Rev. Professor Quandricos B. Driskell of Beulah Baptist Church, right, opens the April 23 ceremony remembering the 1897 lynching of Joseph McCoy at the corner of Cameron and Lee streets.
Photo by Janet Barnett/Gazette Packet
It was April 23, 1897, and the front page of newspapers across the region carried the news of the latest lynching in the area – the slaying of 18-year-old Joseph McCoy, who had been accused of assaulting the 9-year-old daughter of his employer.
An angry crowd had breached the police station jail, located at the site of today’s City Hall, and dragged McCoy out of the station house to the intersection of Cameron and Lee streets. It was there that they put a rope around his neck.

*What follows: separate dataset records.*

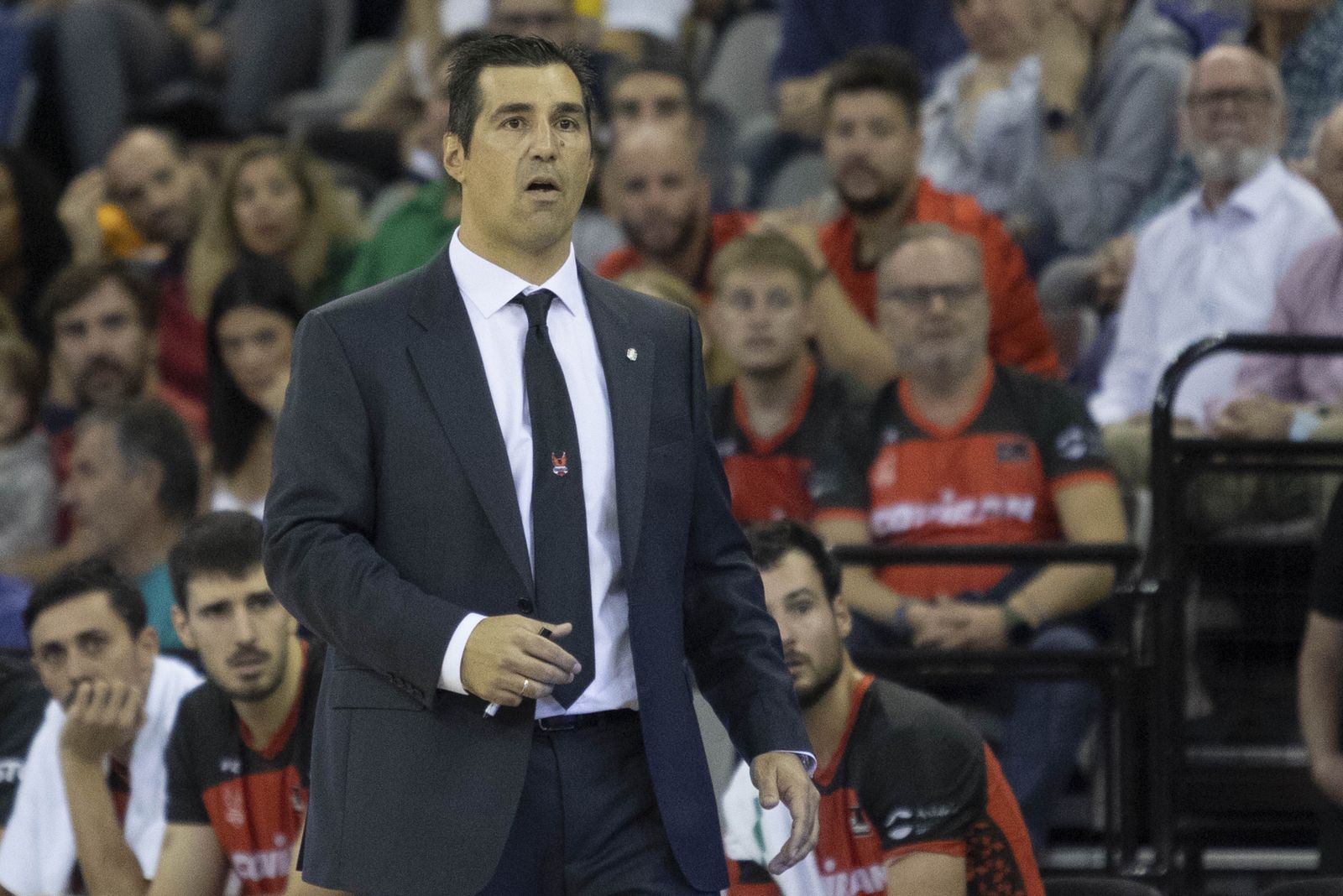 Pablo Pin, entrenador del Covirán Granada, en un partido en el Palacio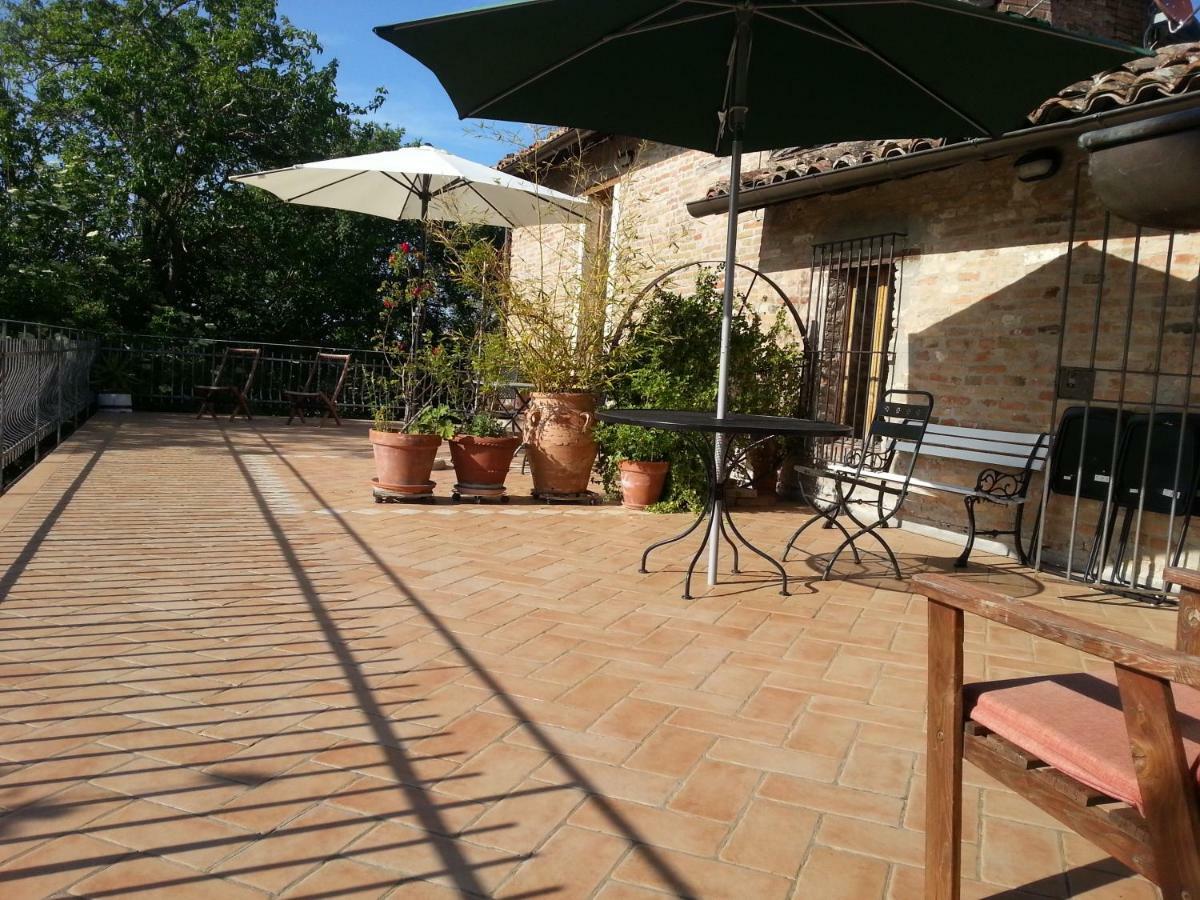 B&B I Canonici Urbino Buitenkant foto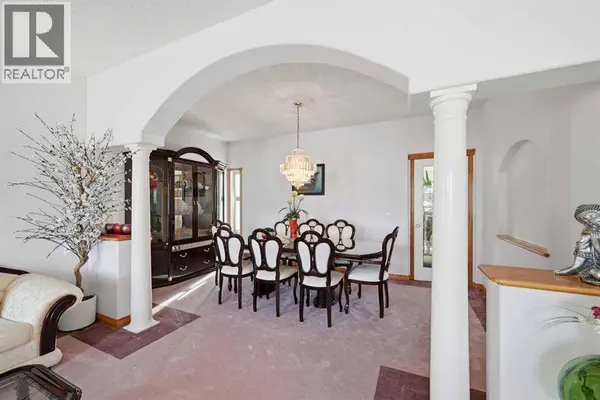 141 Coral Springs  NE, Calgary, AB T3J3M6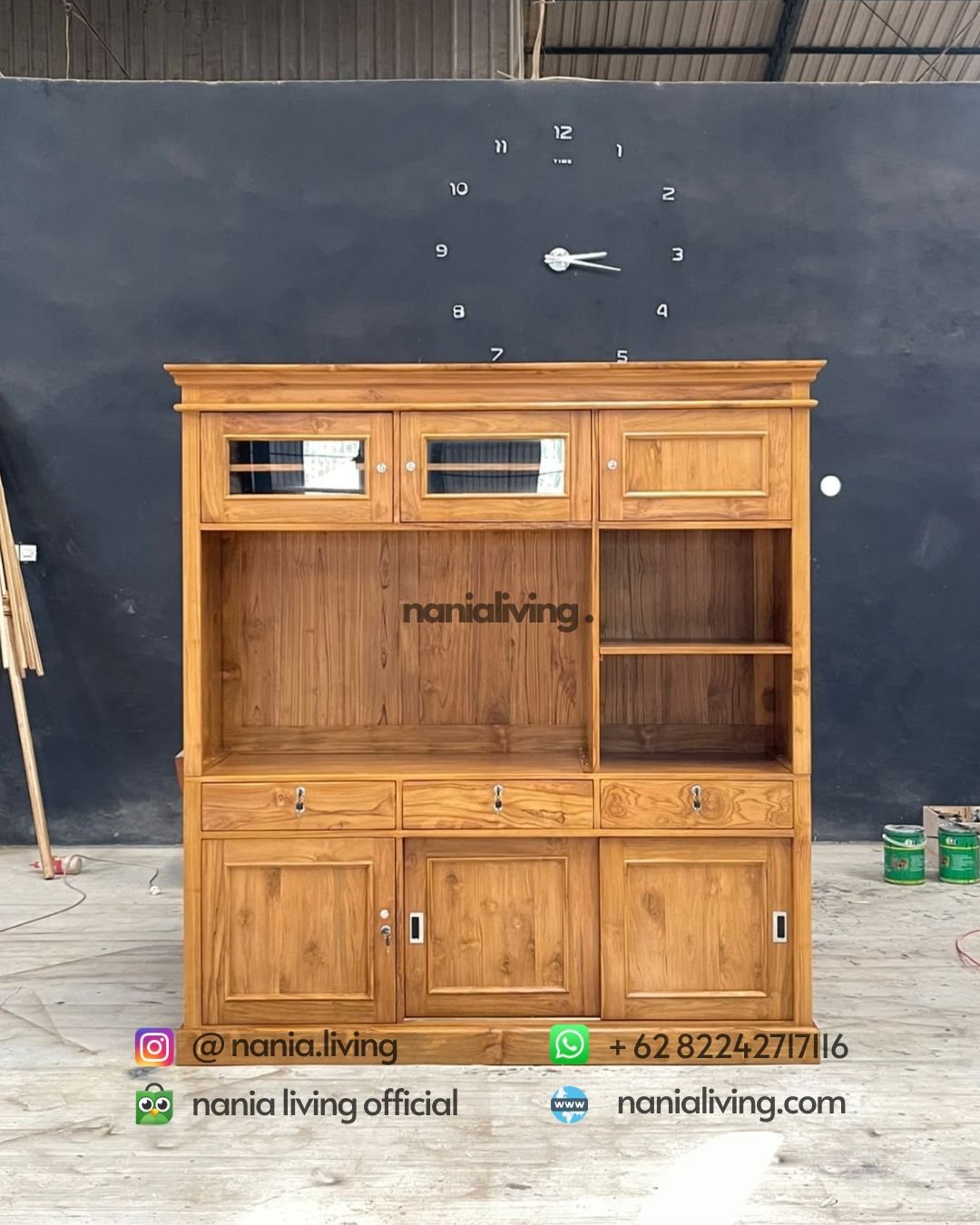 Minimalist Teak Tv Sideboard With Sliding Doors (1)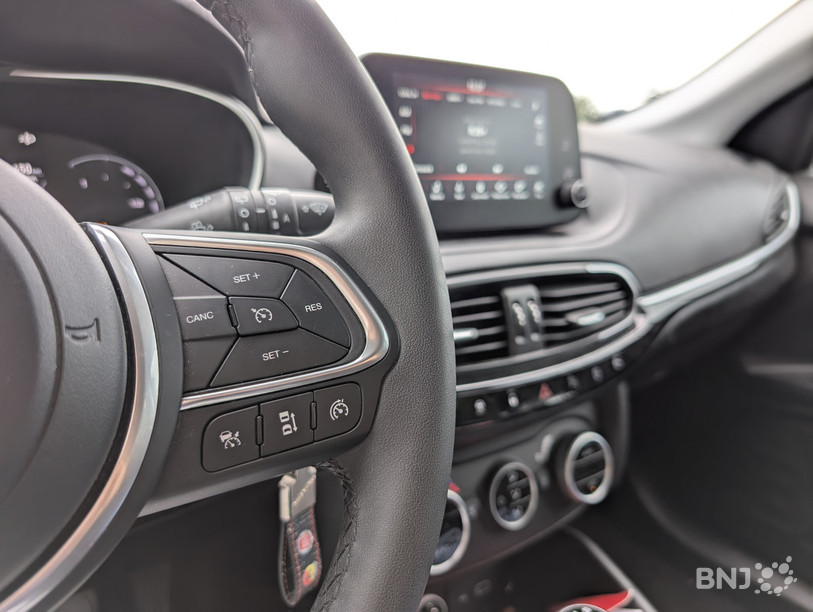 Le tempomat ou régulateur de vitesse fait partie des technologies que les nouveaux conducteurs doivent connaître.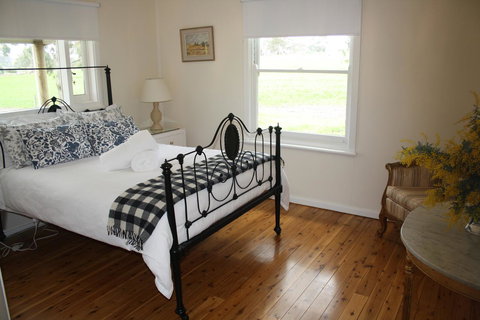 Rabbiters Hut - Sunshine Coast Tourism 31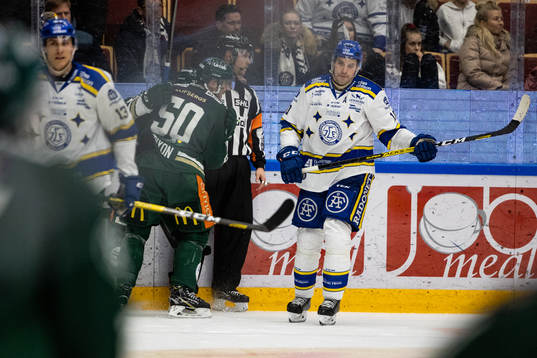 Färjestads Sebastian Erixon jubel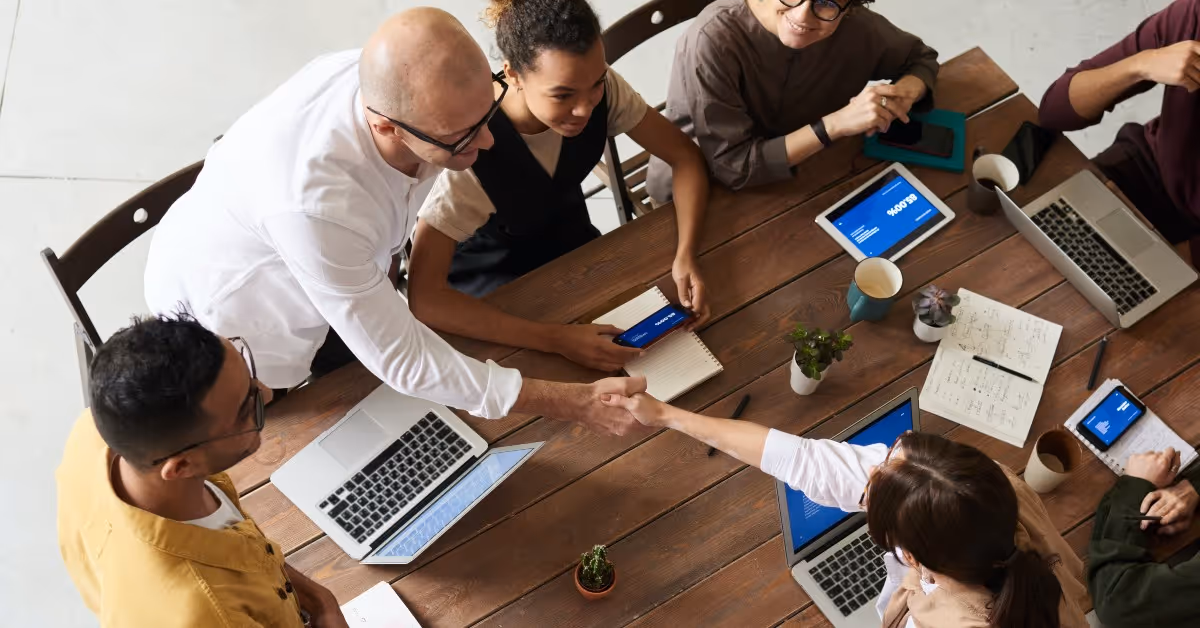 Podcast Agencies: 5 Types, How to Choose, & Recommendations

“Hanged by a mob,” read the headline in the Alexandria Gazette. “The righteous indignation of old Alexandria was aroused last night ... and as a result Joseph McCoy, a negro ravisher, was strung up to a lamp post, bullets sent into his body, his head split open with an axe and other indignities heaped upon his quivering remains.”
McCoy’s death was one of two documented lynchings in Alexandria, out of 11 that occurred in Northern Virginia, and among the 100 documented lynchings that occurred in the Commonwealth between 1882 and 1968.
Though hundreds of Alexandria residents witnessed the event, no one was ever charged in McCoy’s murder.
On April 23, 124 years later, the city unveiled a remembrance marker at the site of McCoy’s death as part of the Alexandria Equal Justice Institute Community Remembrance Project.
As part of the project, City Hall, Carlyle House, and the George Washington Masonic Memorial were illuminated in purple, the color of mourning, throughout the weekend in a show of belated accountability, reconciliation and honor for McCoy.
The marker reads in part: “Virginia Governor Charles O’Ferrall launched an investigation into the lynching. He laid blame on Alexandria Mayor Luther Thompson for failing to respond to repeated attacks despite knowing the mob intended to lynch McCoy. No officials or law enforcement officers were held accountable and no members of the white mob were ever arrested for McCoy’s murder. Several Black men, however, were arrested based on rumors of retaliation.”
Participants in the April 23 ceremony included Mayor Justin Wilson, Police Chief Michael Brown, Alexandria Poet Laurent KaNikki Jakarta, Rev. Professor Quandricos B. Driskell of Beulah Baptist Church and Beth El Hebrew Congregation Rabbi David Spinrad. Soloist Tanya Wilkins performed at the event.